À 48 heures d'un rendez-vous qui pourrait faire basculer l'histoire du football béninois, Gernot Rohr affiche une sérénité déconcertante. Installé à Uyo, dans le fief des Super Eagles, le technicien franco-allemand de 71 ans s'apprête à vivre l'un des moments les plus importants de sa riche carrière africaine. Mardi soir, son Bénin, leader inattendu du groupe C des éliminatoires africaines de la Coupe du Monde 2026, jouera bien plus qu'une simple qualification : c'est un rêve de 14,8 millions d'habitants qui se concrétisera peut-être sur la pelouse d'un stade hostile.

Le parcours accompli par les Guépards relève déjà de l'exploit. Privés de matchs à domicile depuis deux ans et demi, contraints d'évoluer en Côte d'Ivoire, les hommes de Rohr ont su transformer l'adversité en force collective. Leur première place devant le Nigeria et l'Afrique du Sud témoigne d'un travail méthodique, d'une organisation rigoureuse et d'une ambition assumée. Fidèle à sa réputation d'architecte d'exploits africains, Gernot Rohr a bâti une équipe solide, capable de rivaliser avec les géants du continent.

Dans cet entretien exclusif accordé à GOAL depuis le camp de base béninois à Uyo, le sélectionneur se livre sur la pression historique, ses ambitions tactiques et son rapport particulier avec le Nigeria, pays qu'il a dirigé pendant cinq ans et demi. Entre humilité affichée et ambition assumée, Rohr dessine les contours d'un match qui pourrait propulser le Bénin vers sa première Coupe du Monde.

Vous êtes à J-2 de ce qui pourrait être le plus grand jour de l'histoire du football béninois. Mesurez-vous cette immense attente et les attentes qui pèsent autour de vous, ou êtes-vous dans votre bulle, totalement concentré sur votre sujet ?

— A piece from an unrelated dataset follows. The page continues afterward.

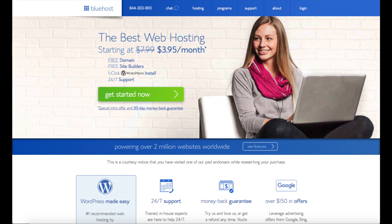Hey guys, Brian here with WP Cupid Blog and today I'm going to be showing you how to install WordPress on Bluehost quick and easy.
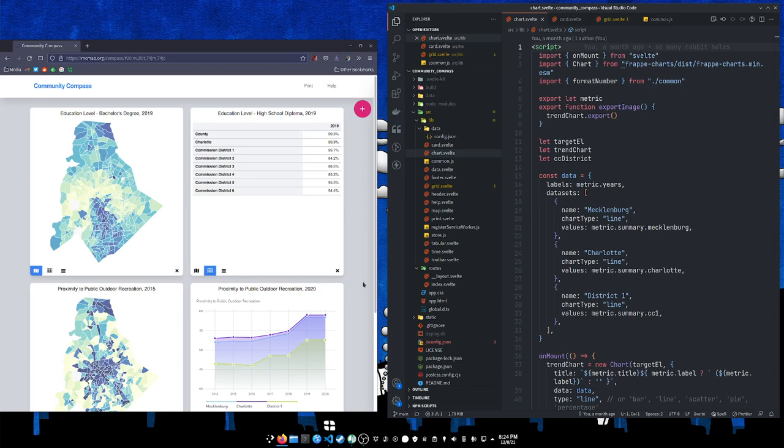Now it's built using SvelteKit and it's using Tailwind CSS for the styling, Leaflet for the maps, and Frappy - there's a charting library called Frappy charts which it's using which is new to me but it's kind of neat. It makes very pretty looking charts.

Gernot Rohr : Oui, à 48 heures de ce grand match contre le Nigeria, nous sommes bien installés ici à Uyo. On a déjà pu faire un premier décrassage samedi, puis ce dimanche (l'interview a eu lieu samedi soir, ndlr) on va enchaîner avec une vraie séance d'entrainement. Évidemment, on ressent cette attente immense au pays. Les gens rêvent maintenant de la Coupe du monde. On est à un match, on est à une victoire de cet objectif, qui est un rêve pour un petit pays comme le Bénin. Mais c'est réalisable. On y croit, parce que ces derniers temps, on est devenu une équipe solide, solidaire, collective, qui, même dans des conditions difficiles arrive à performer.  On a fait, depuis deux ans et demi, tous les matchs en dehors de notre pays, pas un seul à domicile. On a réussi à se hisser en tête de ce groupe aussi difficile, avec le Nigeria, avec le Rwanda aussi, qui est une bonne équipe, le Zimbabwe, qui est aussi qualifié pour la CAN, et avec évidemment l'Afrique du Sud.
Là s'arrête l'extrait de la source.